:: EXERCISE MATERIALS

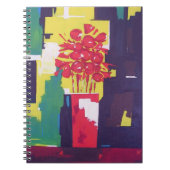 花花束花瓶絵画の抽象芸術背景 ノートブック (正面)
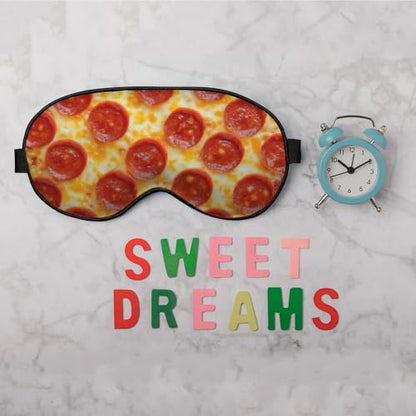 Silk Cheese Pizza Sleep Mask with Adjustable Strap for Travel, Office, Gift - color: Cheese Pizza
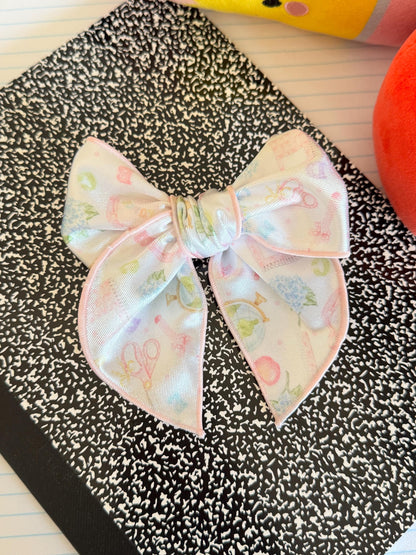 Watercolor School Supplies Fable Bow, Back to School Bow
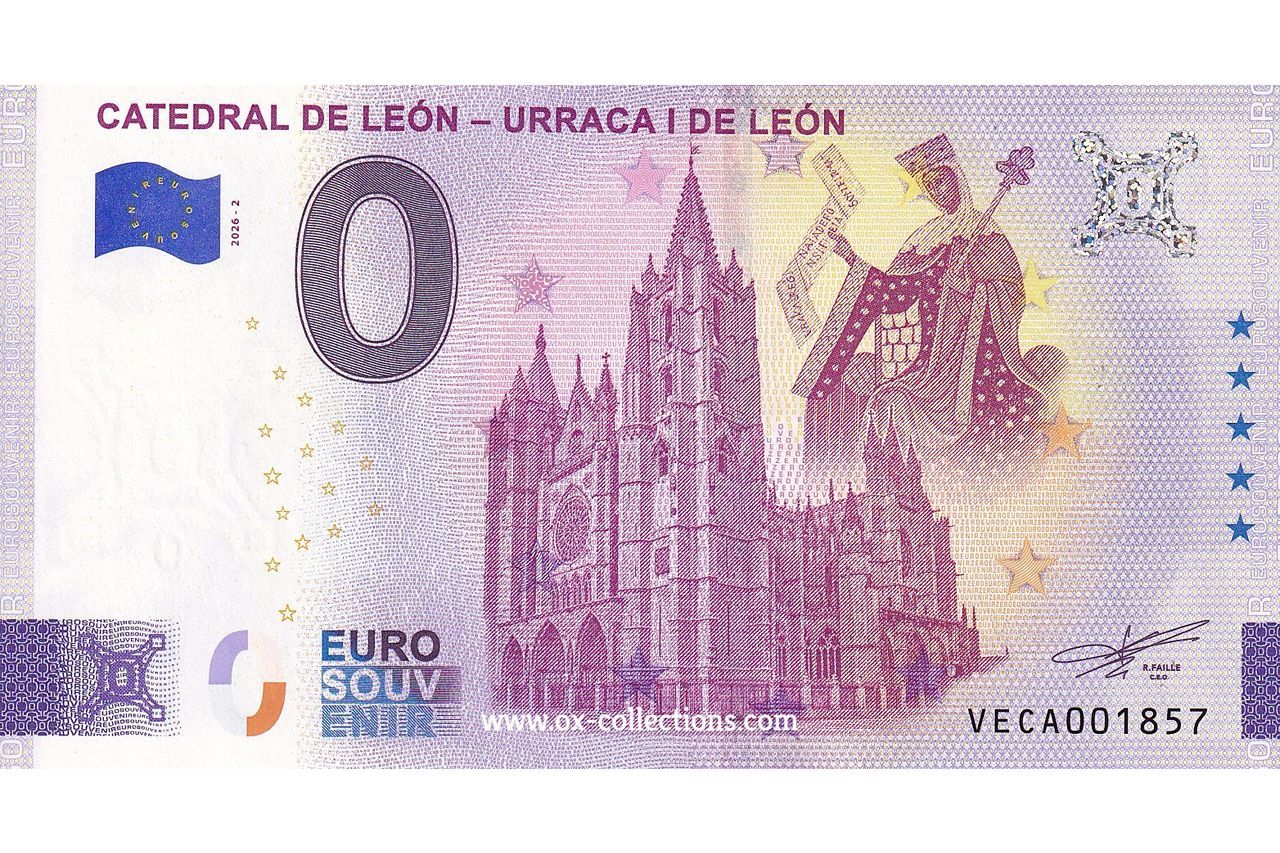 ES - Catedral de Leรณn - 2026-02 Zero Euro Note Catedral de Leรณn 2026-2 souvenir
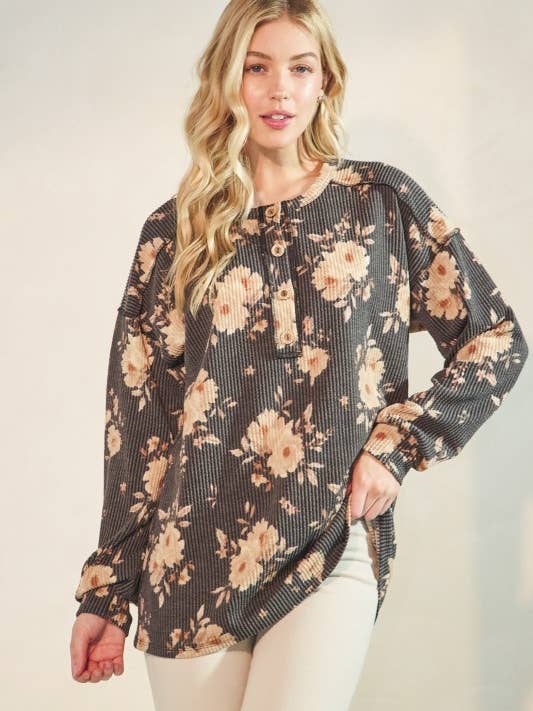 CHARCOAL ET7775-11LONG SLEEVE FLORAL BUTTON UP TOP for wholesale on Faire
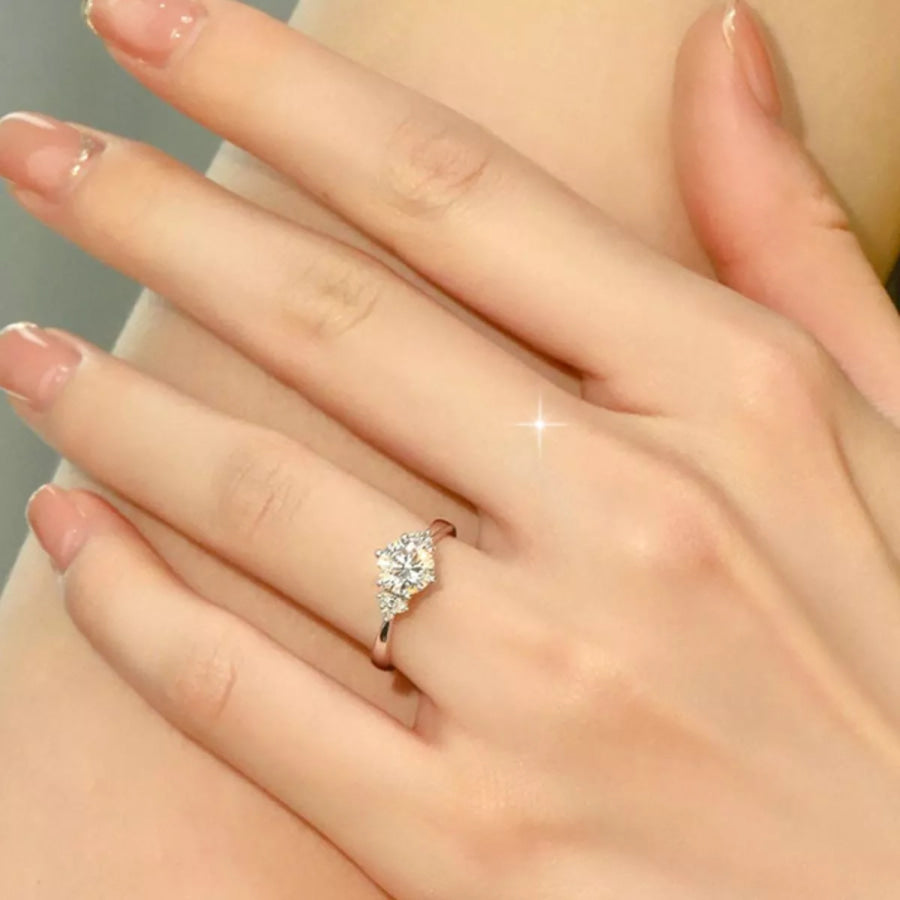 1 Carat Moissanite 925 Sterling Silver Ring Silver / One Size Apparel and Accessories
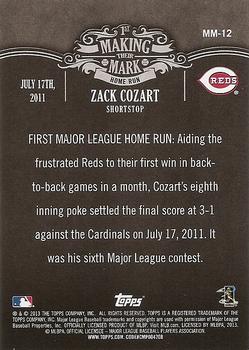 2013 Topps - Making Their Mark #MM-12 Zack Cozart Back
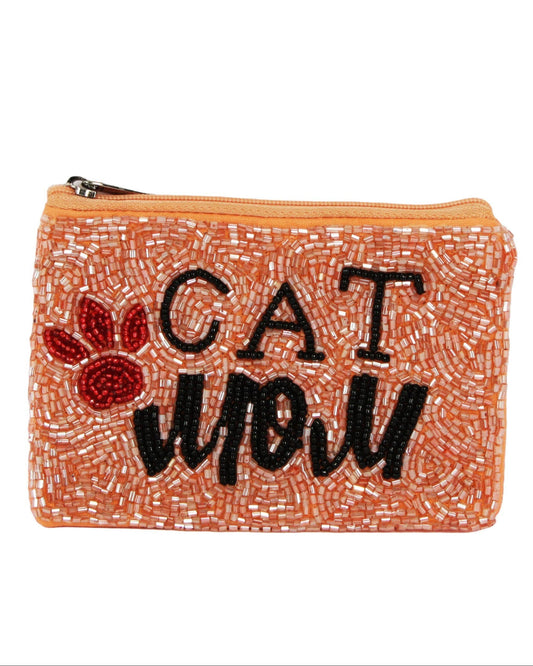Beaded Cat Mom Themed Coin Purse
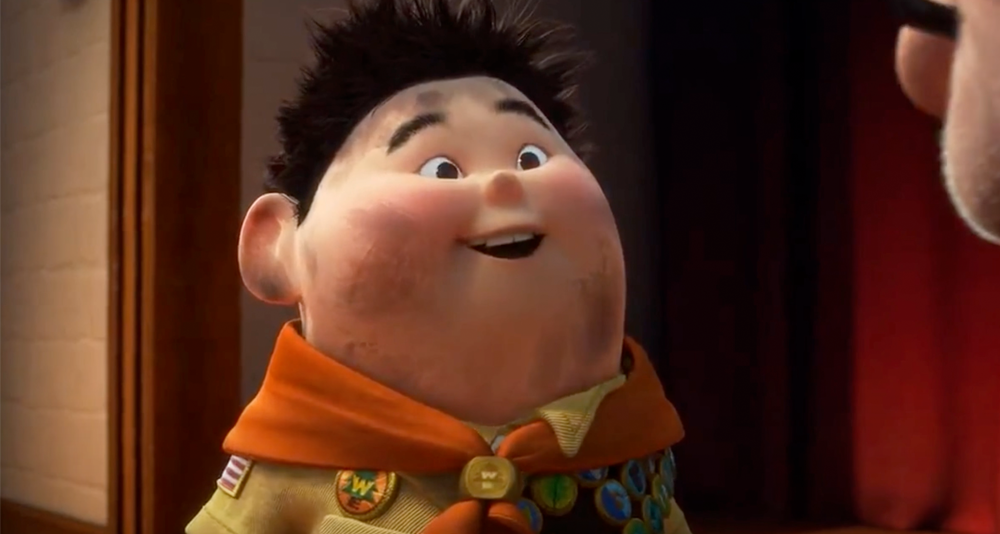 Hopeful Russell from Disney Pixar's Up looks at someone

::::

All the records need to be retyped word for word, except for the pictures.

## ANSWER TO THIS TASK
 花花束花瓶絵画の抽象芸術背景 ノートブック (正面)
 Silk Cheese Pizza Sleep Mask with Adjustable Strap for Travel, Office, Gift - color: Cheese Pizza
 Watercolor School Supplies Fable Bow, Back to School Bow
 ES - Catedral de Leรณn - 2026-02 Zero Euro Note Catedral de Leรณn 2026-2 souvenir
 CHARCOAL ET7775-11LONG SLEEVE FLORAL BUTTON UP TOP for wholesale on Faire
 1 Carat Moissanite 925 Sterling Silver Ring Silver / One Size Apparel and Accessories
 2013 Topps - Making Their Mark #MM-12 Zack Cozart Back
Beaded Cat Mom Themed Coin Purse
 Hopeful Russell from Disney Pixar's Up looks at someone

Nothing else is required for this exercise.